Materials (XLB) – No Longer Boring
Comments: Materials, much like Industrials, received a nice boost of strength last week and a new trend in leadership appears to be forming as investors bet on reflation and a comeback in emerging markets. It is worth noting that if Commodities (DBC) begin to resume their longer-term uptrend because of a recovery in Housing (XHB) here in the U.S. and potential improvement in China's (FXI) market, the Materials sector strength could continue and easily be justified on a renewal of demand by countries for raw materials. It will be interesting to see if the ratio can recoup to pre-Summer Crash 2011 levels. Emerging Markets (VWO) – Bottoming Process? Comments: We may be at a very important juncture as it relates to Emerging Markets which substantially underperformed U.S. markets last year.

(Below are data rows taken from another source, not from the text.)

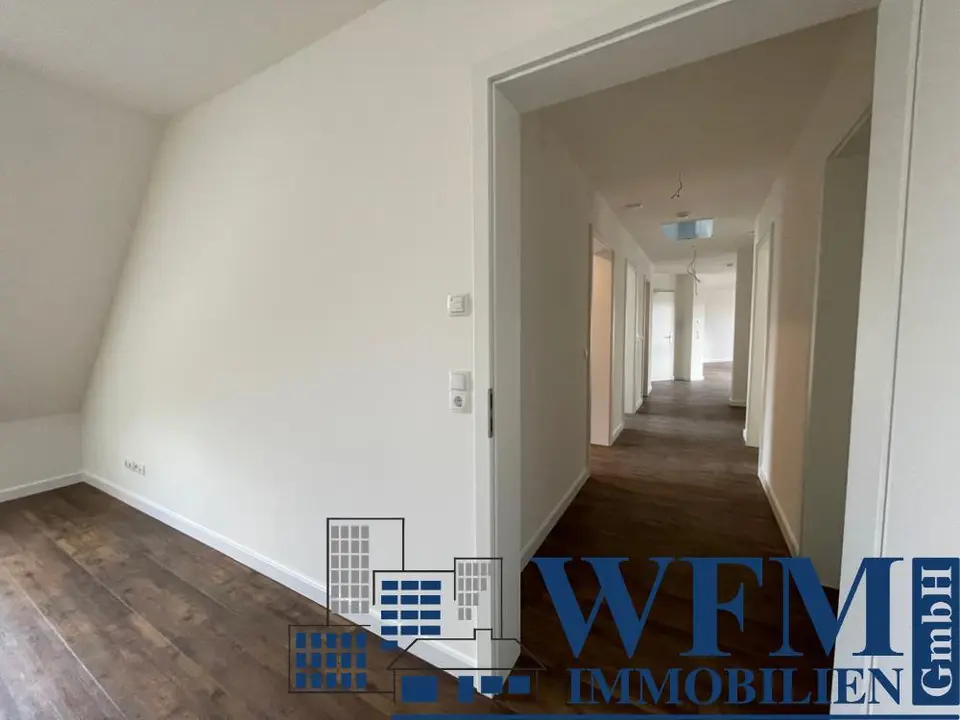 4 Zimmer Wohnung mit 121 m² in Kiel – Bild 6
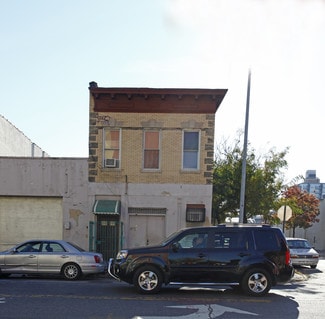 Brooklyn, NY Retail - 317-319 3rd Ave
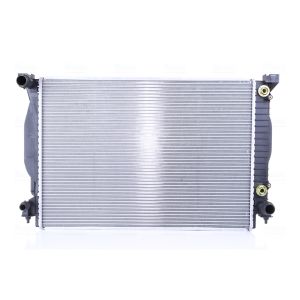 Radiateur, refroidissement du moteur NISSENS 60307A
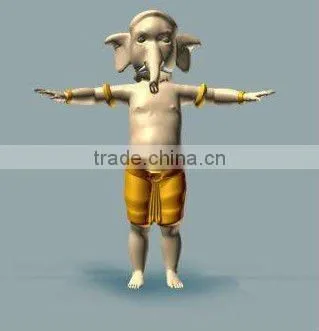 best freelance 3D design service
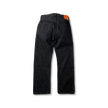 【2026SS】S0105BKSS WWII Model 11.5oz Black Denim Pants (Raw)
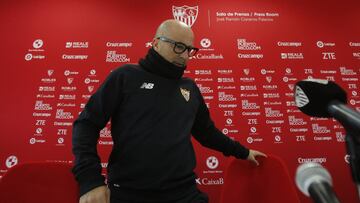 Sampaoli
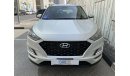 Hyundai Tucson 2L | GL|  GCC | EXCELLENT CONDITION | FREE 2 YEAR WARRANTY | FREE REGISTRATION | 1 YEAR FREE INSURAN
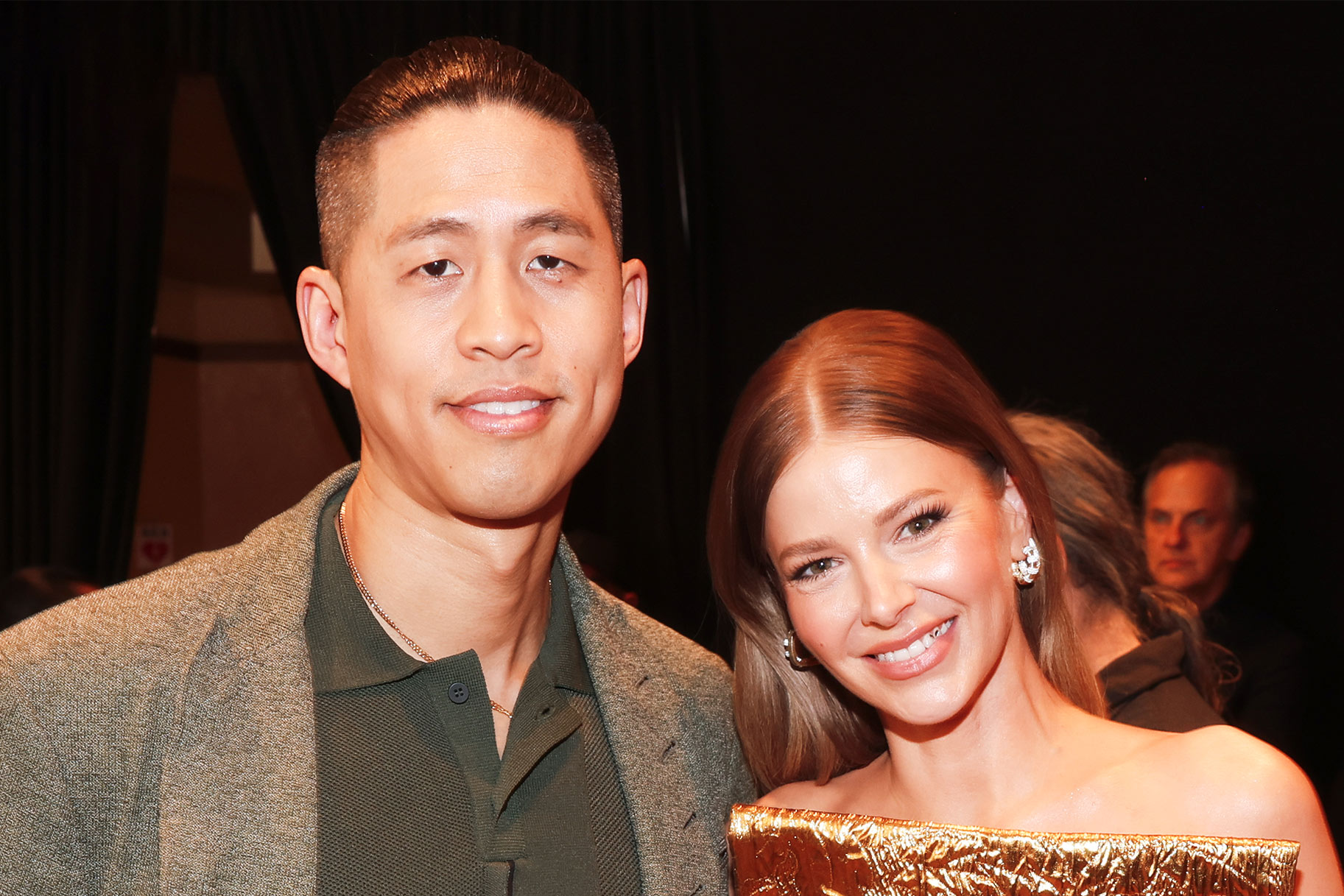 Ariana Madix Makes Her Boldest Declaration Yet About Boyfriend Daniel Wai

I have noted before that a bottom appears to be forming in countries like China (FXI), Russia (RSX), Brazil (EWZ), and India (INP) and with the possibility of a pickup in global growth coming, beaten down emerging market stocks likely have enormous potential to outperform this year in a 2012 reflationary environment. Notice how far away the ratio is from pre-Summer Crash levels, with any kind of a run back to those levels a big move potentially to exploit in the months ahead.

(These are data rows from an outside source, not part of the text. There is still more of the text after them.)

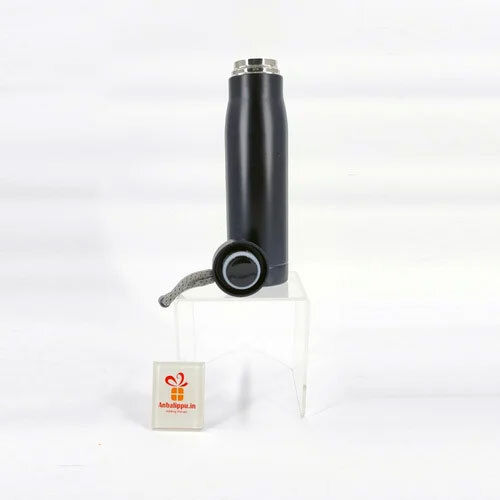 Double Wall Vacuum Flask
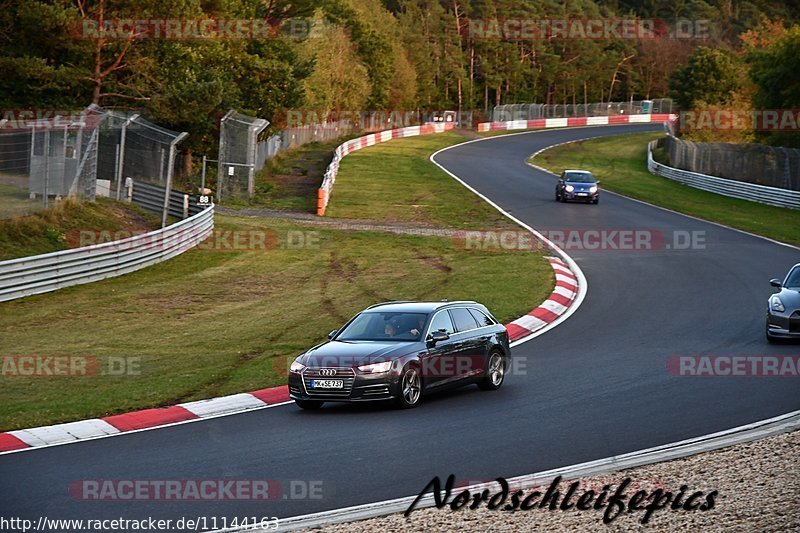 Bild #11144163 - Touristenfahrten Nürburgring Nordschleife (12.10.2020)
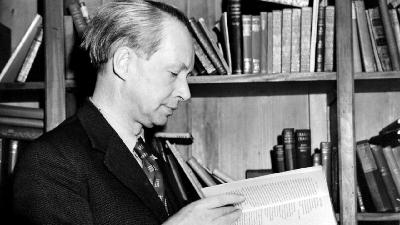 CR Episode 288: Edwin Muir’s Narrow Place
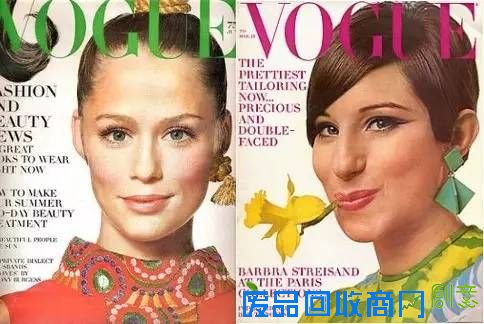 她不美,但这并不妨碍她创造引领潮流的美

LAGGARDS: BEAR TRADE CONTINUES TO WEAKEN Consumer Staples (XLP) – Underperformance Signals More Bullishness Comments: I noted last week that "continued weakness into the end of this week would indeed be a very positive sign for the bulls, as volatility declines and animal spirits possibly return with a vengeance." Weakness did indeed continue in the sector as it failed to keep up with the S&P 500 (IVV). While entirely possible for the ratio to retest its 20 day (1 trading month) moving average in the next couple of weeks, it does appear that the uptrend is now definitively broken as animal spirits return to markets and a bullish environment causes money to begin to chase higher beta stocks and not less-cyclical Consumer Staples.
Utilities (XLU) – From Income to Capital Appreciation?
Comments : Given the sensitivity of the highly leveraged Utilities sector to the future direction of interest rates, and the general move into the group when investors favor income over capital appreciation, last week's continuation of weakness further confirms a bullish environment for risk and the idea that the Winter Resolution may indeed be an uptrend after all. I fully suspect that the sector will recoup some of its underperformance in the coming weeks, but the trend down appears fairly entrenched at this point as the fever breaks in Europe and markets begin to anticipate the end of bad news (which is good news). While Utilities were a star performer last year, 2012 may result in a completely new set of sector leaders. Europe, Australasia, and the Far East (EFA) – Nearing the Bottom?
: Last week I noted that "much of this weakness may be attributable to a strong dollar/weak Euro given that EFA is denominated in dollars, and has a negative currency effect as a result. Having said that, the ratio's decline may be overdone, whereby international markets could certainly begin to outperform the U.S. on a pure mean-reversion trade. From an equity allocation standpoint then, EFA might provide an opportunity to outperform in the coming weeks." While weakness did persist, the ratio did not make new ratio lows and may be at a relative bottom now that the Downgrade Rampage could be nearing its end. Don't count out other developed markets just yet – a mean reversion trade may yet be coming.
Great bull markets tend to occur when nobody is expecting it, and when strength persists in the face of negative news.